Although there was an effect of CAD on false alarms there was no effect of presentation mode. A 2 × 2 ANOVA on false alarms with a between-participant factor of condition (interactive vs confirm CAD) and CAD (incorrect CAD vs no CAD) showed there to be no main effect of condition, F(1, 37) = 3.12, p = 0.09, ηp2 = 0.08. However, there was a significant main effect of CAD, F(1, 37) = 18.64, p < 0.001, ηp2 = 0.34, in which more false alarms were made in the incorrect CAD compared to the no CAD condition. There was no significant condition × CAD interaction, F(1, 37) = 0.01, p = 0.93 ηp2 = 2.06e−4. As the interaction was not significant the data were not analysed further.

Discussion

Experiment 2 compared an automatic condition, to a confirm condition. The results showed that the confirm presentation mode showed better performance than the automatic presentation mode, in terms of fewer miss errors and no cost to false alarms. A between-experiment comparison further showed that there was an overall benefit of the confirm mode in comparison to the interactive mode in terms of fewer miss errors (21% vs 32%, respectively) and no cost in terms of false alarms.

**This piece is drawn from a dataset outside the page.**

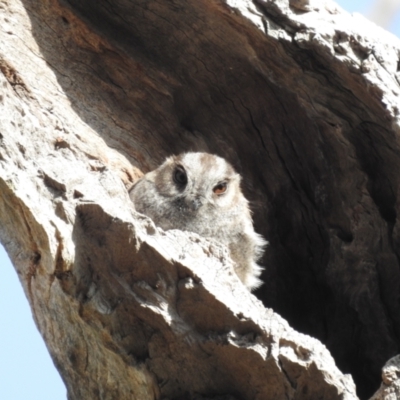 Aegotheles cristatus (Australian Owlet-nightjar) at Kambah, ACT - 4 Aug 2023 by HelenCross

Overall, the results from the automatic condition again indicate an over-reliance on the CAD cue, replicating data from Experiment 1 and Kunar et al. (2017a, 2017b). Miss errors were greatly reduced if the mass appeared within the CAD cue. However, if the mass appeared outside of the CAD cue or no CAD was shown then errors were much higher. Furthermore, there were a greater number of false alarms when the CAD cue was incorrectly presented on target absent trials. People’s search performance was being adversely affected by incorrect CAD cues. Of importance, similar to Experiment 1, the cost of CAD was mitigated by how it was presented.

Unlike Experiment 1, there was no difference in false alarms between conditions. That is, neither the automatic of confirm presentation mode showed a benefit or a cost over the other in terms of false alarms. Examining miss errors, across all trials, fewer targets were missed in the confirm condition compared to the automatic condition (21% vs 29%). However, this difference in miss errors varied depending on the accuracy of the CAD cue. When CAD was accurate, more targets were missed in the confirm condition than the automatic condition. This is surprising, given that participants saw the CAD cue on all trials in both conditions. There was no difference in miss errors on trials when the CAD cue was not presented. However, on trials when the CAD cue highlighted an incorrect area, fewer miss errors were observed in the confirm compared to the automatic condition. There are two reasons why this might be. First, it could be that the presence of the CAD cue led participants to re-search the display more thoroughly when they were asked to confirm. To investigate this RTs were compared for participants initial response (without CAD) in the confirm condition to their second response, after they had been shown CAD. However, the results showed that RTs were significantly shorter after the second response when CAD had been presented, (1253 ms vs 519 ms respectively, t(19) = 7.40, p < 0.01, d = 1.65, with decisive evidence for the alternative, BF10 = 32,359.48). This suggests that participants were not taking the time to search the display thoroughly when they were being asked to confirm their response. Instead, it is more likely that participants believed the CAD algorithm had detected an anomaly that they have missed. In this case, they may be more likely to trust in the CAD cue versus their own judgement, following the over-reliance hypothesis.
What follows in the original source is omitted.